**EXERCISE DIRECTIONS:**
Find the lines below holding the word "Chevrolet" and copy each of them.

**INPUT:**
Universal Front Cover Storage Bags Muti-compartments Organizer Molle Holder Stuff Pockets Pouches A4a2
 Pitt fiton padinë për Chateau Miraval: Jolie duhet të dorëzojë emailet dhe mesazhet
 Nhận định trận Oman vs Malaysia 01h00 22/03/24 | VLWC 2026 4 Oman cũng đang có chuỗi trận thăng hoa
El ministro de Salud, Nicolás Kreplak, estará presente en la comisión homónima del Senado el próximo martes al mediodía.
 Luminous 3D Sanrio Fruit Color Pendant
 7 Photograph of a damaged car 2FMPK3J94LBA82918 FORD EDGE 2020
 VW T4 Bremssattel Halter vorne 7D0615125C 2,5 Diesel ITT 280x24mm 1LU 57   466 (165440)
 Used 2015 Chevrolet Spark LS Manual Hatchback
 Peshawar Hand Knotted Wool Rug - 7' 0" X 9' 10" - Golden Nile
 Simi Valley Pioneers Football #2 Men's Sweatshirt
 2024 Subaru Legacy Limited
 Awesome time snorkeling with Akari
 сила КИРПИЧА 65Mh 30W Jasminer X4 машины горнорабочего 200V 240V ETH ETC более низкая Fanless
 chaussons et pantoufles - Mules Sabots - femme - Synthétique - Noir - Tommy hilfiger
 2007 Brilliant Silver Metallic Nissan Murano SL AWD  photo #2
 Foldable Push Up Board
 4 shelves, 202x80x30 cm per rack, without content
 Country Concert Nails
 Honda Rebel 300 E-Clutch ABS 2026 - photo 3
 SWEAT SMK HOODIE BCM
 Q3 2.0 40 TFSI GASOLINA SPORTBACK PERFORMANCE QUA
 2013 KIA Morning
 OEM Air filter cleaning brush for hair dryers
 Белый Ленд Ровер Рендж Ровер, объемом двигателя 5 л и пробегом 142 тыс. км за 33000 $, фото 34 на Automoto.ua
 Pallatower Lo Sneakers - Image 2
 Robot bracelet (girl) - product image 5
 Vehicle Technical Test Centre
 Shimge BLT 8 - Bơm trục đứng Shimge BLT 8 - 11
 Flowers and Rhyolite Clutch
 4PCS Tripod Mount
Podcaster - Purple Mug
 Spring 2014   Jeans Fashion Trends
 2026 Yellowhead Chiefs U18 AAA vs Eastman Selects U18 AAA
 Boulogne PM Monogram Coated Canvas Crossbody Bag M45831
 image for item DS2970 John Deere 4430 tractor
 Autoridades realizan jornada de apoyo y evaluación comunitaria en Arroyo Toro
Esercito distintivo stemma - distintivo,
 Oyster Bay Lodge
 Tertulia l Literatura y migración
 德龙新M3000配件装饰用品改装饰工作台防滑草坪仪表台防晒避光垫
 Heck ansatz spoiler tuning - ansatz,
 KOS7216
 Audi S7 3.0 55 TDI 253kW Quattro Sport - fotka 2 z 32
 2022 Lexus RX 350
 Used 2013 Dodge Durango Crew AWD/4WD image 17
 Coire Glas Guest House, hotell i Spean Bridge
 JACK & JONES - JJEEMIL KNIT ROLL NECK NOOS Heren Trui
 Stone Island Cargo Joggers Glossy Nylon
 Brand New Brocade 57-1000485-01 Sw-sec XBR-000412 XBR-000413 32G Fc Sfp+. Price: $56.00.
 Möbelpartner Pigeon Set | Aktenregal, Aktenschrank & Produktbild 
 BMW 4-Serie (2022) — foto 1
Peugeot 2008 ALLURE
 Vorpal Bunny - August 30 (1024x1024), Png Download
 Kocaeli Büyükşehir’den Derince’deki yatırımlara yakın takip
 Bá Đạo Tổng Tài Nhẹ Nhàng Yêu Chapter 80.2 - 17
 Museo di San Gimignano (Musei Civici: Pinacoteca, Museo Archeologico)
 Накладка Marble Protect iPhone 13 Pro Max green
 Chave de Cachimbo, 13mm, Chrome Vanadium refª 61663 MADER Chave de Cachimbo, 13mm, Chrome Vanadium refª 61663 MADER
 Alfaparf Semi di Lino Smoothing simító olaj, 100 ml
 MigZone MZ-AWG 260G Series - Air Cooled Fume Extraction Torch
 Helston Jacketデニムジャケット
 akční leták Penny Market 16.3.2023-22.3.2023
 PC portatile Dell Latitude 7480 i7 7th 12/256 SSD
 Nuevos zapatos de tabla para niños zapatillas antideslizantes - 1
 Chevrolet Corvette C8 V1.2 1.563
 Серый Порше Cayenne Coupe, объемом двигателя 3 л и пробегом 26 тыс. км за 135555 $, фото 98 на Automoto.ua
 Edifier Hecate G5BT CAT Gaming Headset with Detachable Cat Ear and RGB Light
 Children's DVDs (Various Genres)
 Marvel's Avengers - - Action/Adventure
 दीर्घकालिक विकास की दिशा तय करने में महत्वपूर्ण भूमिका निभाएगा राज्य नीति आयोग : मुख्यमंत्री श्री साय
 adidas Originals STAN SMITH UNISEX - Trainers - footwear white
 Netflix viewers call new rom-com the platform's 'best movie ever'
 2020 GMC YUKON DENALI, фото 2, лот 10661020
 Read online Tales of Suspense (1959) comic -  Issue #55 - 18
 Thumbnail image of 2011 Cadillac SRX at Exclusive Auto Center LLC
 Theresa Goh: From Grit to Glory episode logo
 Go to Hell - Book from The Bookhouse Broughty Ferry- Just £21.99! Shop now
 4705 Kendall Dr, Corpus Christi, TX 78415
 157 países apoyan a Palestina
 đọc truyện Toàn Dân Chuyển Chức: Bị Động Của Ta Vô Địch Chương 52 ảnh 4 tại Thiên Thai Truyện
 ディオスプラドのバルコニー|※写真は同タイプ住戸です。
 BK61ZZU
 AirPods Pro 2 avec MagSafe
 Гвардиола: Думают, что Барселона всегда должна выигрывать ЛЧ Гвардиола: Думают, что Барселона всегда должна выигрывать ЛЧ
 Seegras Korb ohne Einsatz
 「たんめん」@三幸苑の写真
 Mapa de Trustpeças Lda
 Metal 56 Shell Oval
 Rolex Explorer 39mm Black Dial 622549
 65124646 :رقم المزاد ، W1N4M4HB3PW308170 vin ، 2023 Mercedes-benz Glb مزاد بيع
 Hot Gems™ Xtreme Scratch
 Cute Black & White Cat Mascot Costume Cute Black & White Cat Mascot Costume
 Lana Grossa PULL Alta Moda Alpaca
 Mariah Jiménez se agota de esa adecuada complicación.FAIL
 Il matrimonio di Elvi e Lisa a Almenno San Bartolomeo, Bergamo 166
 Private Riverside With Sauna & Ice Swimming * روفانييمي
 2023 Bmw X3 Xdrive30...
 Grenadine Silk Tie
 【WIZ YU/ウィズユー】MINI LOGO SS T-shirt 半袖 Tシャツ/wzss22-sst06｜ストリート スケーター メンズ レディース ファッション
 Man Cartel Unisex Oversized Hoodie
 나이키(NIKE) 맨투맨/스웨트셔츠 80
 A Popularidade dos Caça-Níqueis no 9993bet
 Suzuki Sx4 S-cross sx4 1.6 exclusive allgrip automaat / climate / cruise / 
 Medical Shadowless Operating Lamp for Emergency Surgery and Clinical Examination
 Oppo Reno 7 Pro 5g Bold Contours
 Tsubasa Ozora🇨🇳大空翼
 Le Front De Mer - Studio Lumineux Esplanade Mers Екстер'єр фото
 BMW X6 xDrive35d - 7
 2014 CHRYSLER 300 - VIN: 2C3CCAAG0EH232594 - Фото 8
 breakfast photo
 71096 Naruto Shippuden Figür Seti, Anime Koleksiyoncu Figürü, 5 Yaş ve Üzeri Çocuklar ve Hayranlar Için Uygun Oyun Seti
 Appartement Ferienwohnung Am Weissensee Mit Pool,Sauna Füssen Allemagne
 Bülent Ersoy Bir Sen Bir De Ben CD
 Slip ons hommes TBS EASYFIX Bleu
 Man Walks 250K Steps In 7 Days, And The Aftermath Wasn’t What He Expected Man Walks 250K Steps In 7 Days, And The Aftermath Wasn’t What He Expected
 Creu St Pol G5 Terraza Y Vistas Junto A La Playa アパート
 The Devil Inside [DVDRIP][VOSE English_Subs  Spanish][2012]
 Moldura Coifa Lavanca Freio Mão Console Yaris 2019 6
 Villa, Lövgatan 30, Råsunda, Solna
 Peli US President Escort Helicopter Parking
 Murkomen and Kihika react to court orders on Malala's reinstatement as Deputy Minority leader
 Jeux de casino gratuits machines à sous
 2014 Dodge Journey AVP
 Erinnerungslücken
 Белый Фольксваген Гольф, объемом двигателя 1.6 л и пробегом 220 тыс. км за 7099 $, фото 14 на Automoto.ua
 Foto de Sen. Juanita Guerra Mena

**REPLY:**
 Used 2015 Chevrolet Spark LS Manual Hatchback
 Chevrolet Corvette C8 V1.2 1.563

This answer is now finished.